Beberapa orangtua Batak tak sungkan mengungkapkan langsung dalam pembicaraan di rumah: “Ai molo boru do, gabe pagar ni halak do i haduan” (adapun anak perempuan, kelak dia akan menjadi milik orang lain). Maksudnya jelas, seorang anak perempuan boru X akan melahirkan anak-anak bagi suaminya marga Y, dan anak-anak itu akan mengenakan marga Y. Sebanyak apapun keturunan dihasilkan oleh pasangan X dan Y, legacy “hagabeon” yang diperkuat adalah legacy marga Y, bukan marga X.

Hal ini tidak berhenti hanya pada keluarga inti (ayah, ibu dan anak-anak) tetapi berlanjut pada “tutur” atau “panjouon” kakek atau nenek. Jika seorang kakek memiliki cucu dari putra dan putrinya, sekalipun cucu dari putri yang duluan lahir tetapi kakek dan nenek akan dipanggil menurut nama cucu dari putra. Misalkan seorang putri memberi cucu bagi orangtuanya, diberi nama Frodo. Hingga ada cucu dari putra, kakek dan nenek akan dipanggil “Oppung ni si Frodo”. Begitu ada cucu dari putra, misalkan diberi nama Samwise, barulah kakek dan nenak akan dipanggil “Oppu Samwise”, inilah gelar paripurna untuk mereka hingga kakek dan nenek itu meninggal. Ini subtil, tetapi orang Batak akan mudah memahami perbedaan antara “Oppung ni si Frodo” dan “Oppu Samwise

Kiranya fakta-fakta ini cukup menggambarkan posisi penting putra di tengah keluarga Batak, lebih penting dibandingkan puteri. Dan kita tahu, ini sungguh tidak adil menggunakan perspektif progresif, apalagi jika kita adalah feminis.

Itulah sebabnya penggalan “jala ho do lao manjujung goar” pada “Tondi-Tondikku” memuat kritik sosial dan budaya yang tidak remeh.

Untukku, kejanggalan ini (entah disengaja penulis lagu atau tidak) bisa memantik diskusi dan dialog berkepanjangan berikutnya. Tujuannya jelas: Jangan lagi adanya anak laki-laki dijadikan tolok ukur paripurnanya sebuah keluarga Batak, adanya anak perempuan juga seharusnya diperlakukan sama. Saya setuju jika diskusi dan dialogi itu terjadi, sebab untukku cukuplah steretotipe misoginis dan patriarkis ini melekat cukup lama pada masyarakat Batak. Sudah harus ada yang memulai untuk mengubahnya supaya compatible dengan masyarakat berperadaban maju lainnya.

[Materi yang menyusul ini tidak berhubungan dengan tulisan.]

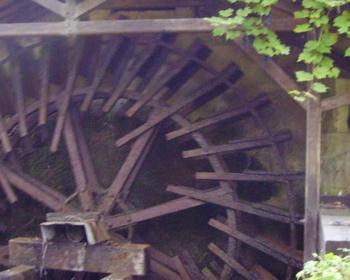 zoom sur la roue du moulin à eau de Moulin l’évêque sur la commune de Saint-Père dans la Nièvre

“Tondi-tondikku” menjadi corong aspirasi dan inspirasi bagi keluarga Batak yang hanya memiliki anak perempuan (juga keluarga Batak yang meski memiliki anak laki-laki tetapi toh tidak nyaman dengan kebiasaan misoginis dan patriarkis yang terpelihara selama banyak generasi).

Ibarat “Bongkar” karya Iwan Fals yang menjadi corong aspirasi dan inspirasi bagi masyarakat Indoensia yang selama masa Orde Baru tidak mendapatkan keadilan sesuai amanat konstitusi sebab korupsi, kolusi dan nepotisme menggerogoti hampir seluruh sendi kehidupan berbangsa dan bernegara saat itu (mungkin juga sampai saat ini)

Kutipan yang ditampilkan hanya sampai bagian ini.